Reproduce exactly the lines of this material that begin at the line with "Vistas del balcón" and end at the line with "#ANNY6072 กางเกงใน Anny", both included. Omit the pictures and everything else.

**Supplied material**
┄┄┄┄┄┄

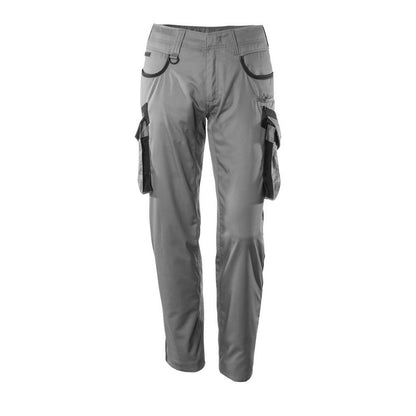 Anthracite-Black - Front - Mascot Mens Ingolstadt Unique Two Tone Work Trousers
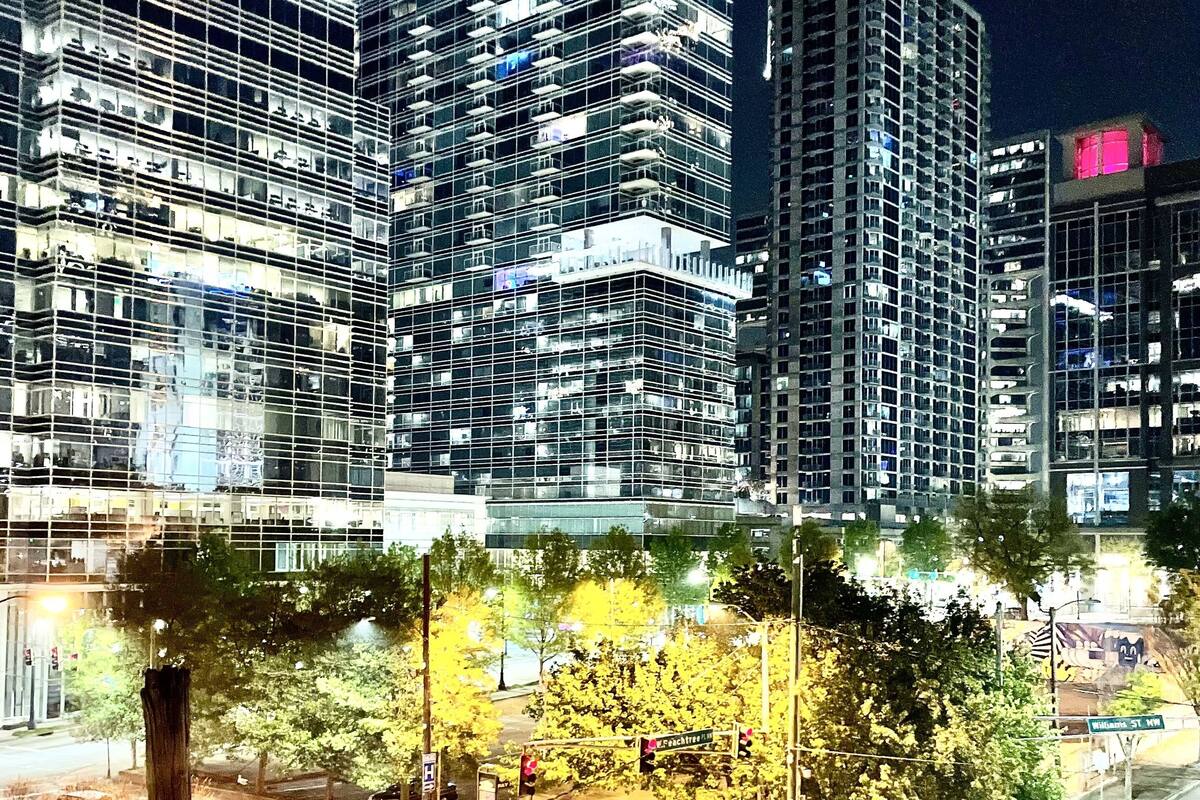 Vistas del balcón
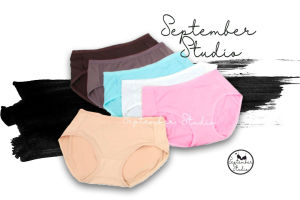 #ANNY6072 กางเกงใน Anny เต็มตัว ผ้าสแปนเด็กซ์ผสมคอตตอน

┄┄┄┄┄┄

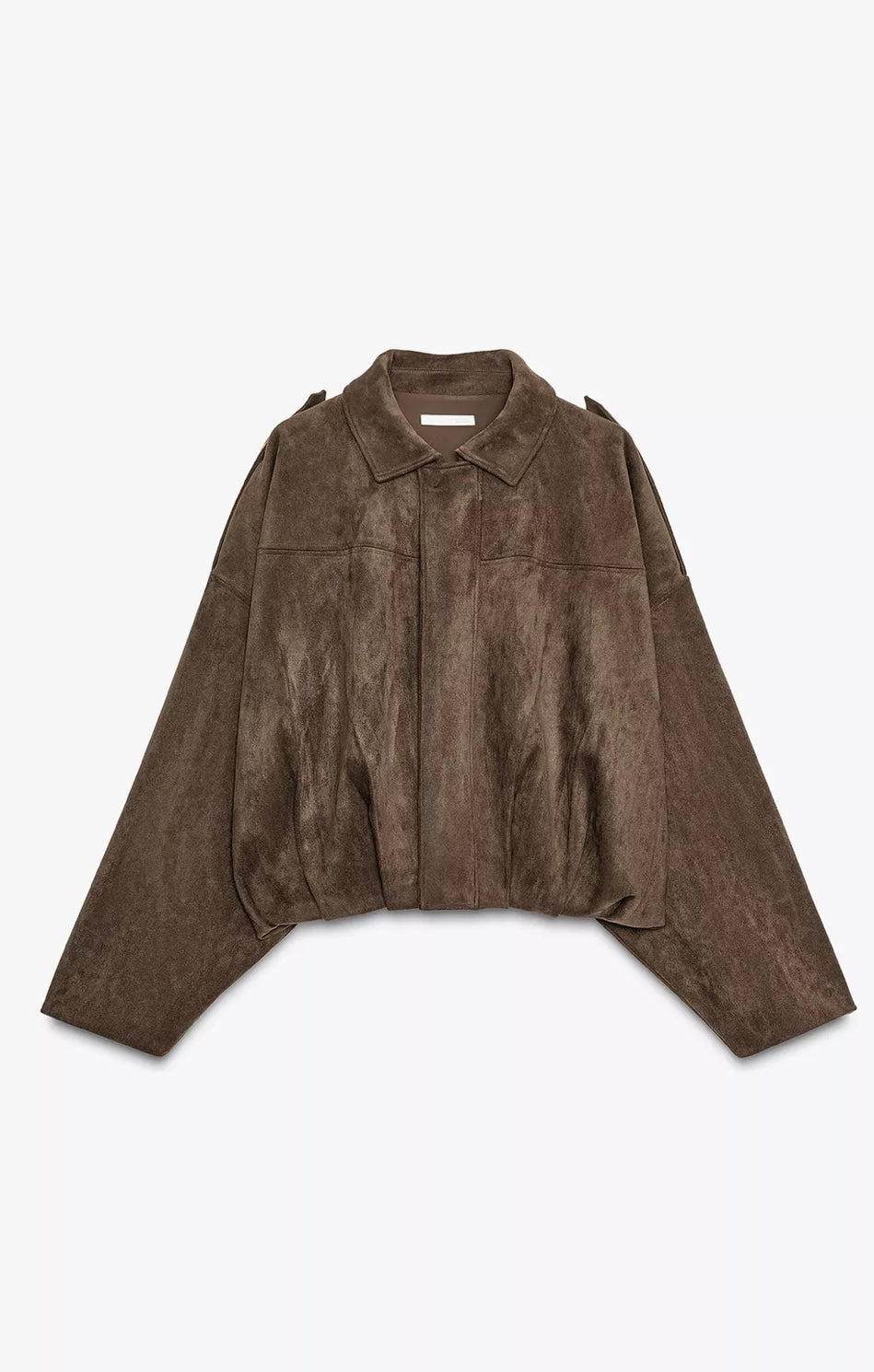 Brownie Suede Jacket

┄┄┄┄┄┄

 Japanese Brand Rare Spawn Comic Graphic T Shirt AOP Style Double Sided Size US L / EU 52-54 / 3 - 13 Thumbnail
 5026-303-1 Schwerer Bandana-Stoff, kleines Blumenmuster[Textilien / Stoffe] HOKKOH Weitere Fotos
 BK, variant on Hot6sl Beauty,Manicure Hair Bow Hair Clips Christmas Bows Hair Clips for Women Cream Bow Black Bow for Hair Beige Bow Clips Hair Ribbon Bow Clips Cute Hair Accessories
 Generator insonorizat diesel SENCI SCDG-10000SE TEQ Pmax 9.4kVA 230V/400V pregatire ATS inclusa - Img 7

┄┄┄┄┄┄

**Answer for this exercise**
 Vistas del balcón
 #ANNY6072 กางเกงใน Anny เต็มตัว ผ้าสแปนเด็กซ์ผสมคอตตอน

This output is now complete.